What this task involves :: Return nothing but the lines from the one with "Then the resultant" through the one with "So for dp[j]" in the data below, word for word and without pictures.

Task inputs ::
····················
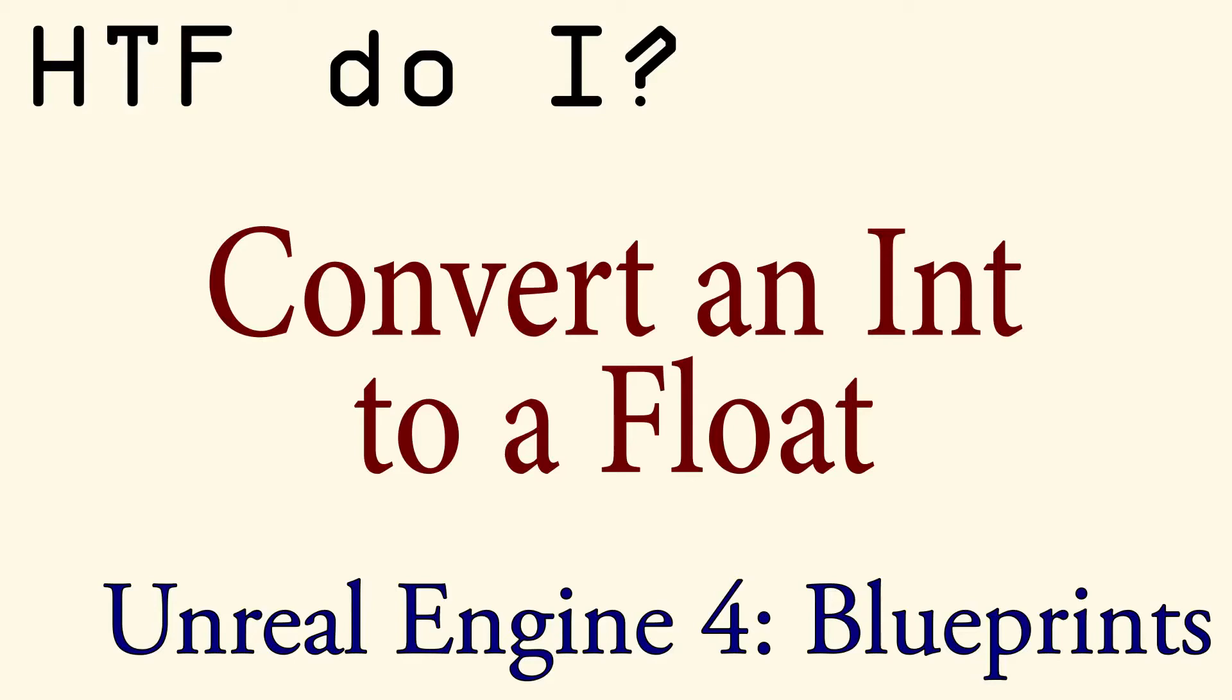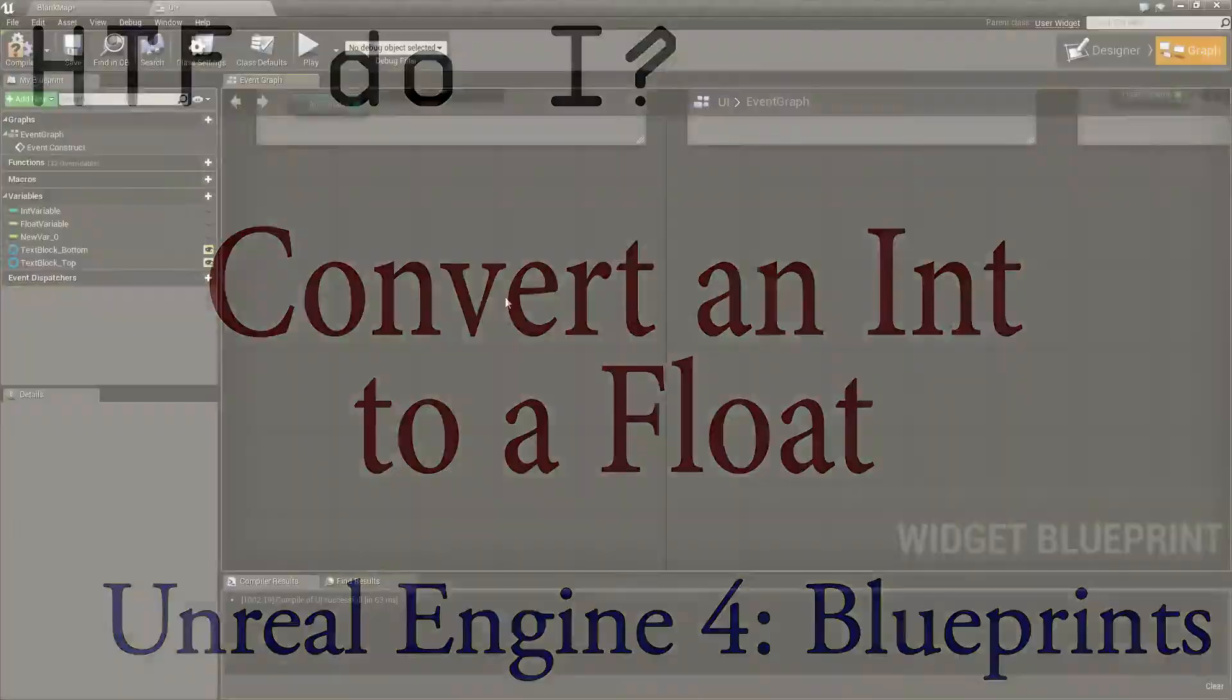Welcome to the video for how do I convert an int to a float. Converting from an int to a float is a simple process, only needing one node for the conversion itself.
····················
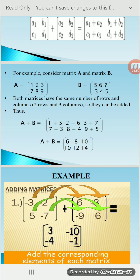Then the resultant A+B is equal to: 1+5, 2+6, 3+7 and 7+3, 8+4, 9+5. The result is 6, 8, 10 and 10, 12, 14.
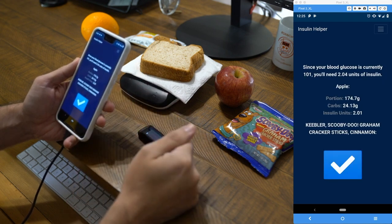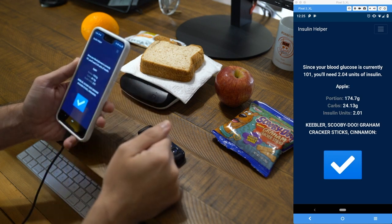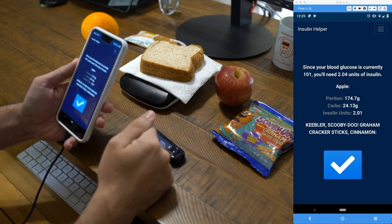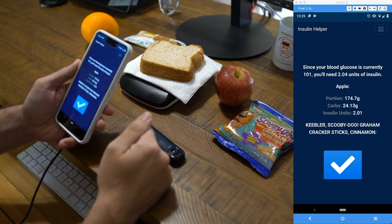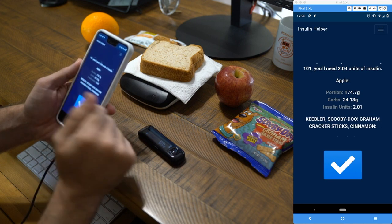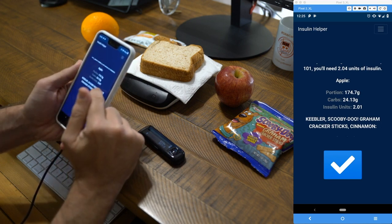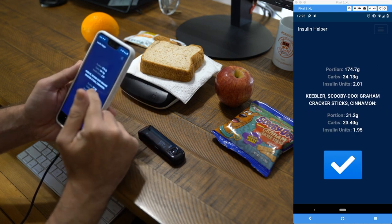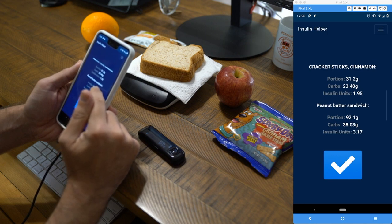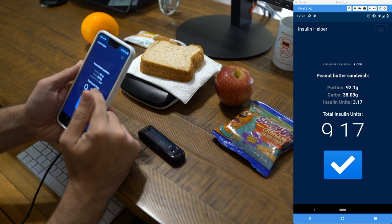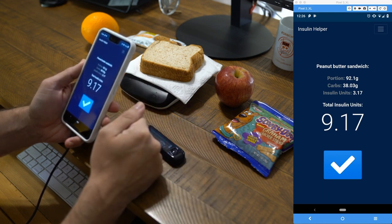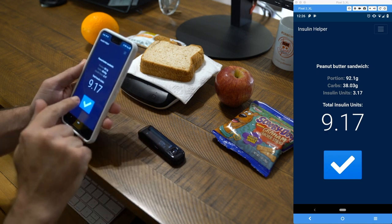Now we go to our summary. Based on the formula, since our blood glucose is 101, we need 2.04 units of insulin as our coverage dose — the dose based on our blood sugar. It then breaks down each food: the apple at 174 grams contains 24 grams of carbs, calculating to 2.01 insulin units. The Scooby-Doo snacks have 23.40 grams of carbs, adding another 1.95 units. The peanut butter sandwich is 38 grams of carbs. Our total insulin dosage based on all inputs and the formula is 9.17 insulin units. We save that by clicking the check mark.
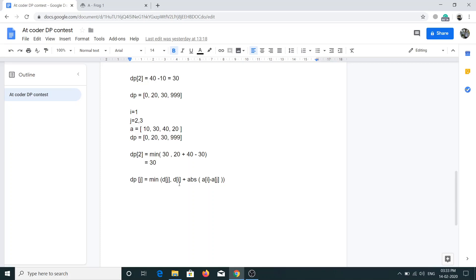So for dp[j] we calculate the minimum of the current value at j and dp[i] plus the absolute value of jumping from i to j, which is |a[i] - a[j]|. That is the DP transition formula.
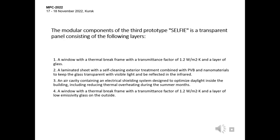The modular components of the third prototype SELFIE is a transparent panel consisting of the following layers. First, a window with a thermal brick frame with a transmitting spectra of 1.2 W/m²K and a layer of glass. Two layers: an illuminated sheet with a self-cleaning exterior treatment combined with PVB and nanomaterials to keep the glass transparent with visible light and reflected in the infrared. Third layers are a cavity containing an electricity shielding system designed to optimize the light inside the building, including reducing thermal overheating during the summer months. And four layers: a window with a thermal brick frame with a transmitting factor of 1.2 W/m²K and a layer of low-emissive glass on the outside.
····················
Response to this exercise ::
Then the resultant A+B is equal to: 1+5, 2+6, 3+7 and 7+3, 8+4, 9+5. The result is 6, 8, 10 and 10, 12, 14.
Now we go to our summary. Based on the formula, since our blood glucose is 101, we need 2.04 units of insulin as our coverage dose — the dose based on our blood sugar. It then breaks down each food: the apple at 174 grams contains 24 grams of carbs, calculating to 2.01 insulin units. The Scooby-Doo snacks have 23.40 grams of carbs, adding another 1.95 units. The peanut butter sandwich is 38 grams of carbs. Our total insulin dosage based on all inputs and the formula is 9.17 insulin units. We save that by clicking the check mark.
So for dp[j] we calculate the minimum of the current value at j and dp[i] plus the absolute value of jumping from i to j, which is |a[i] - a[j]|. That is the DP transition formula.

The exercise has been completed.